Reputation: 11279
My Swing application prints lines of text to a JTextPane inside of a JScrollPane when a JButton is pressed. For quick operations there is no issue. However, some JButtons invoke operations that may take a few minutes. The button remains greyed out during this time.
What currently happens is that the text is "batched up" and then I get hundreds of lines all at once at the end of the operation at the same moment the button becomes un-greyed. The problem is that I would like the text being appended to the document displayed in the JTextPane to appear sooner (at the moment it is appended) rather than at the time the entire operation completes. This would create a better user experience.
What am I doing wrong?
Upvotes: 3
Views: 85
Reputation: 3254
Use a SwingWorker for performing your background operation.
// Your button handler
public void actionPerformed(ActionEvent e) {
(new SwingWorker<Void, String>() {
public Void doInBackground() {
// perform your operation
// invoke publish("your string");
}
protected void process(List<String> chunks) {
// append your string to the scroll pane
}
}).execute();
}
Upvotes: 2
Reputation: 47608
You are invoking code directly from within the AWT-Thread which blocks every event.
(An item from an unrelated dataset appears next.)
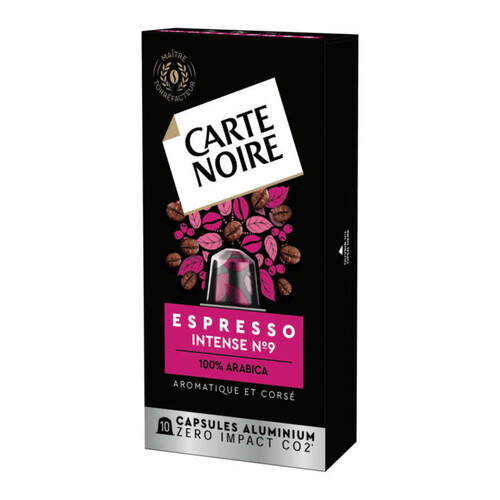 Carte Noire Capsules Aluminium Espresso Intense N°9 x10-55g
The solution is to put your long-running code in a separate Thread
. As your code is executed and obtains results, you notifiy your view (using the observer/observable pattern).As your view is notified, you update the scrollpane content.
You must also verify if you are running in the AWT-Thread or not (SwingUtilities.isEventDispatchThread()
). If you are not, then you need to dispatch the update of the view in the AWT-Thread using SwingUtilities.invokeLater()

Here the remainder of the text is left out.